▶ **What to do**
All of the entries must be reproduced exactly, with no images carried over.
-- Exercise inputs follows --
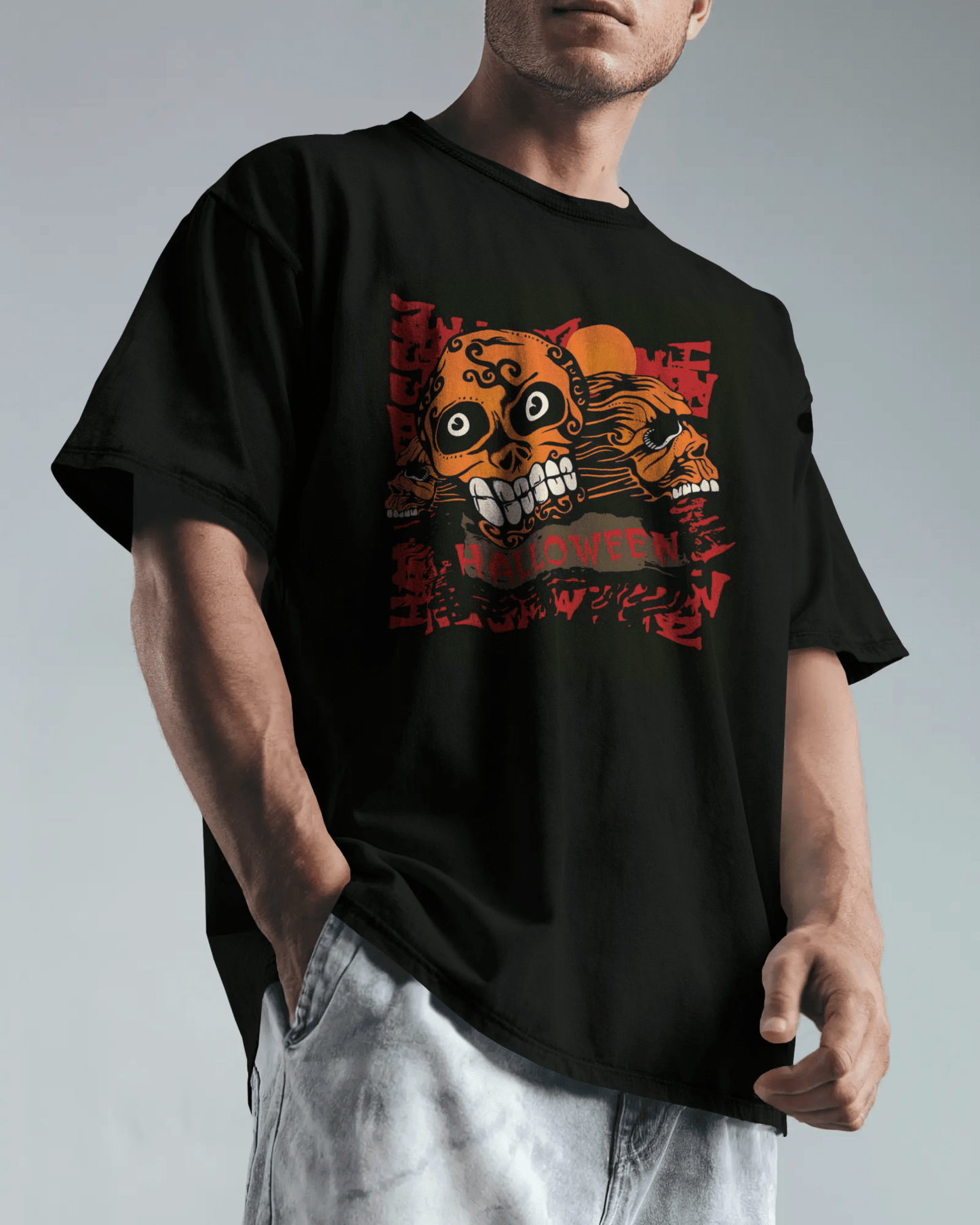 Premium Halloween Sugar Skull Oversized T-Shirt | Limited Edition - YORD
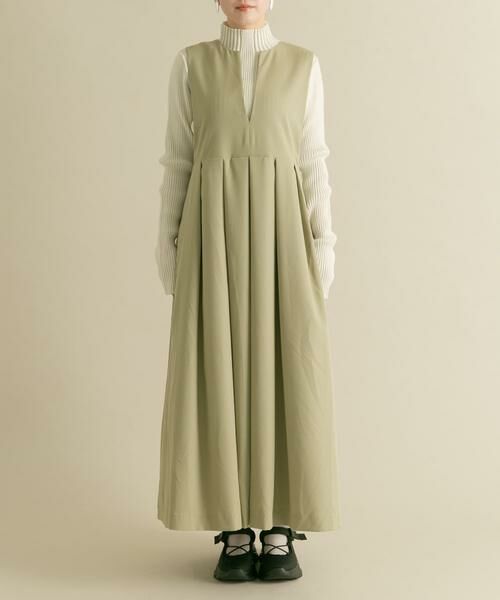 KBF / ケービーエフ ワンピース | 『2サイズ展開』キーネックBIGプリーツジャンパースカート | 詳細13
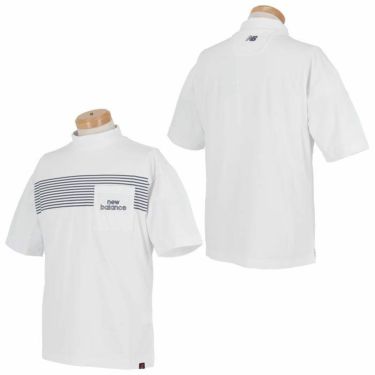 ニューバランスゴルフ　メンズ METRO ボーダー柄 半袖 胸ポケット付き モックネックシャツ 012-2166004　2022年モデル 詳細3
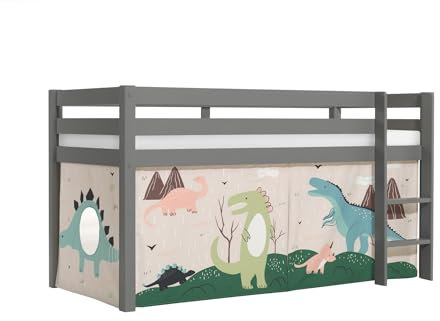 möbelando Spielbett >Pino< in Kiefer massiv grau lackiert - 210x114x106 (BxHxT)
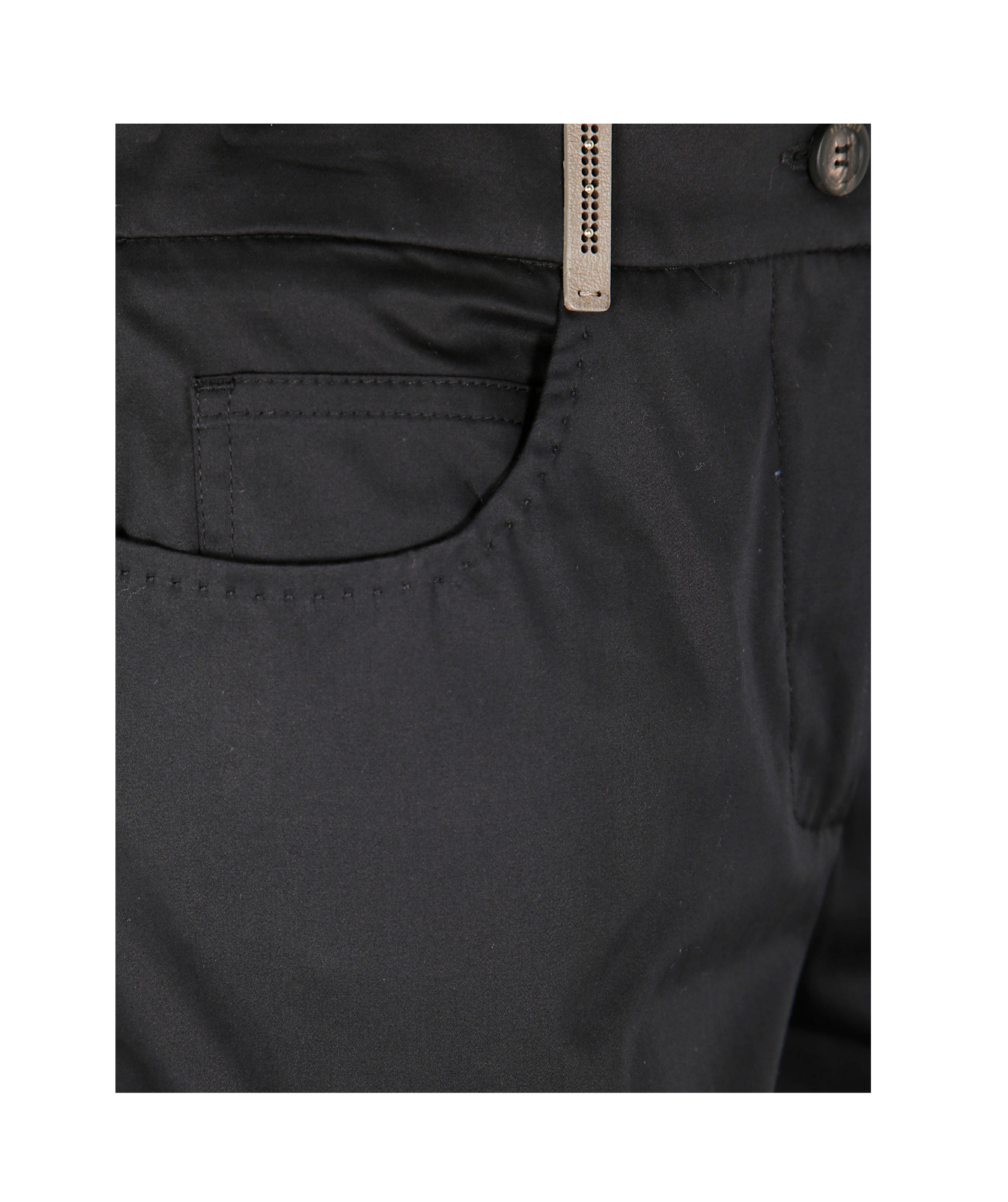 Peserico Light Cotton Satin Stretch Trousers In Black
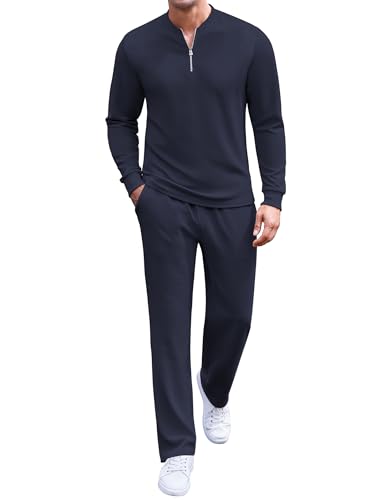 Men's Navy Blue 2-Piece Tracksuit Set Polo Athletic Sweatsuit Quarter Zip Jogging Outfit Large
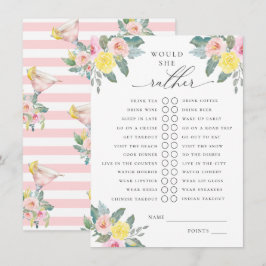 Würde sie eher helle Cocktail Bridal Spiel Begleitkarte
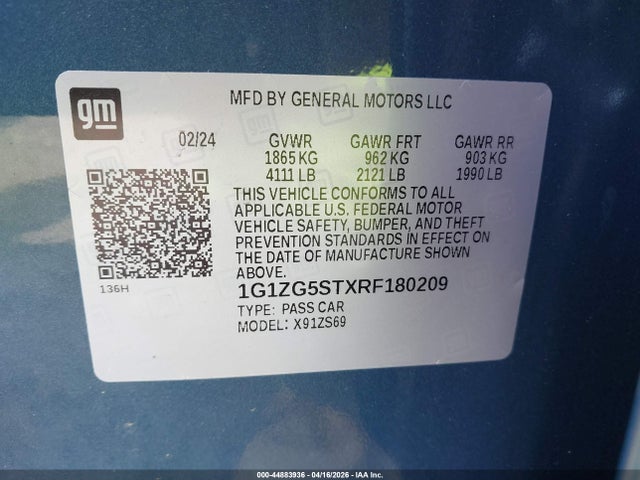 Chevrolet Malibu Fwd Rs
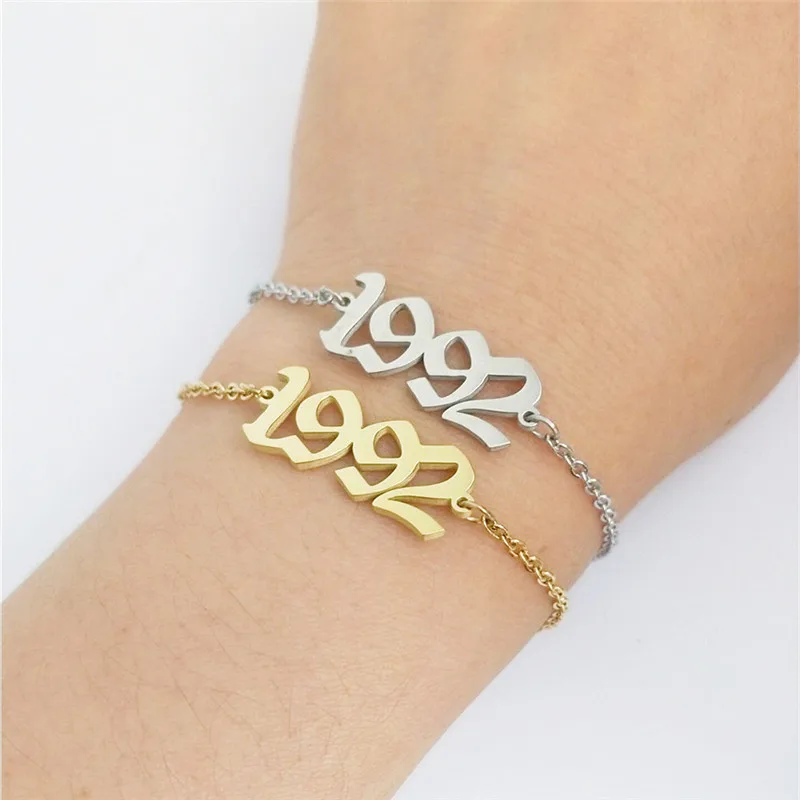 Браслеты с цифрами 1992 года для женщин и детей, дата рождения, английский стиль, рождественский подарок ювелирной дружбы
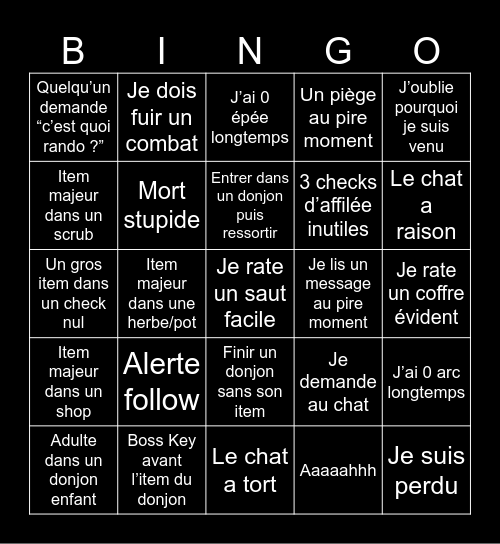 Zelda oot randomizer Dessgui Bingo Card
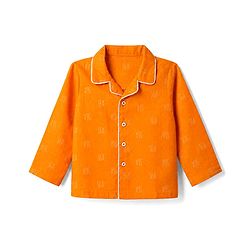 Babyhug 100% Cotton Woven Full Sleeves Front Open Shirt & Pyjama Nightsuit with Sea Text Print - Orange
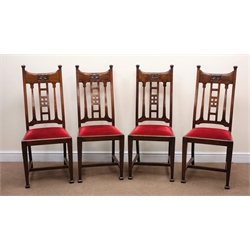  Set four oak Art Nouveau dining chairs, shaped and carved cresting rail, upholstered seat, W46cm    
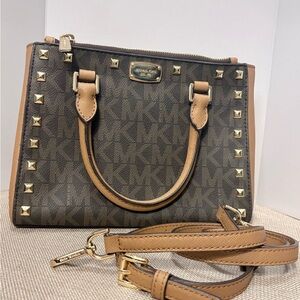 Michael Kors Black and Tan Studded Satchel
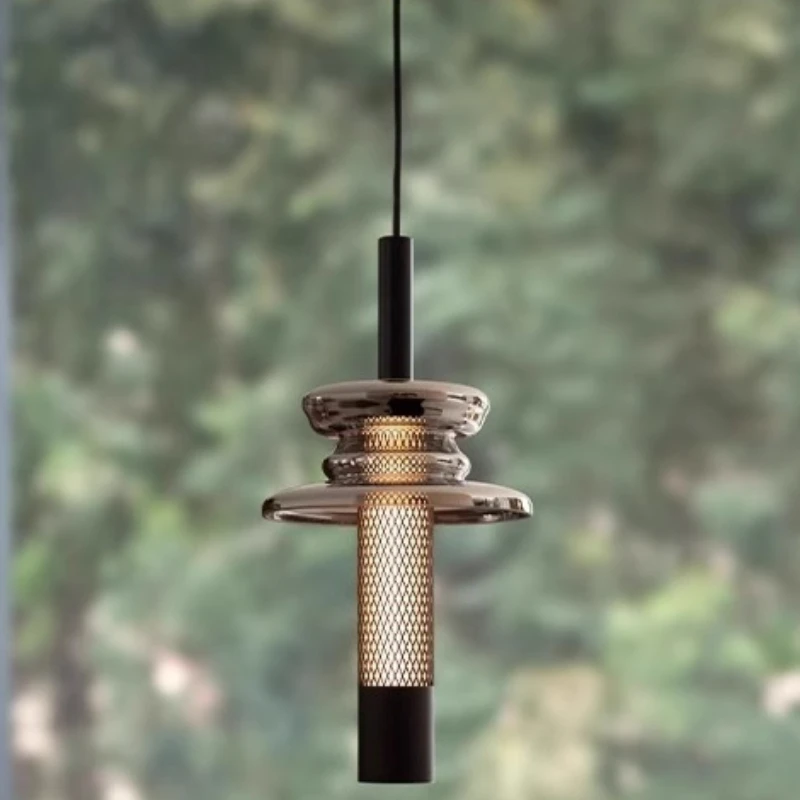 French Original Iron Pendant Light for Restaurant Coffee Shop Ambiance Standing Lights Cylinder Telescopic LED Lighting Fixtures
-- Exercise inputs concluded --
▶ **Written answer**
 Premium Halloween Sugar Skull Oversized T-Shirt | Limited Edition - YORD
 KBF / ケービーエフ ワンピース | 『2サイズ展開』キーネックBIGプリーツジャンパースカート | 詳細13
 ニューバランスゴルフ　メンズ METRO ボーダー柄 半袖 胸ポケット付き モックネックシャツ 012-2166004　2022年モデル 詳細3
 möbelando Spielbett >Pino< in Kiefer massiv grau lackiert - 210x114x106 (BxHxT)
 Peserico Light Cotton Satin Stretch Trousers In Black
 Men's Navy Blue 2-Piece Tracksuit Set Polo Athletic Sweatsuit Quarter Zip Jogging Outfit Large
 Würde sie eher helle Cocktail Bridal Spiel Begleitkarte
 Chevrolet Malibu Fwd Rs
 Браслеты с цифрами 1992 года для женщин и детей, дата рождения, английский стиль, рождественский подарок ювелирной дружбы
 Zelda oot randomizer Dessgui Bingo Card
 Babyhug 100% Cotton Woven Full Sleeves Front Open Shirt & Pyjama Nightsuit with Sea Text Print - Orange
  Set four oak Art Nouveau dining chairs, shaped and carved cresting rail, upholstered seat, W46cm    
 Michael Kors Black and Tan Studded Satchel
 French Original Iron Pendant Light for Restaurant Coffee Shop Ambiance Standing Lights Cylinder Telescopic LED Lighting Fixtures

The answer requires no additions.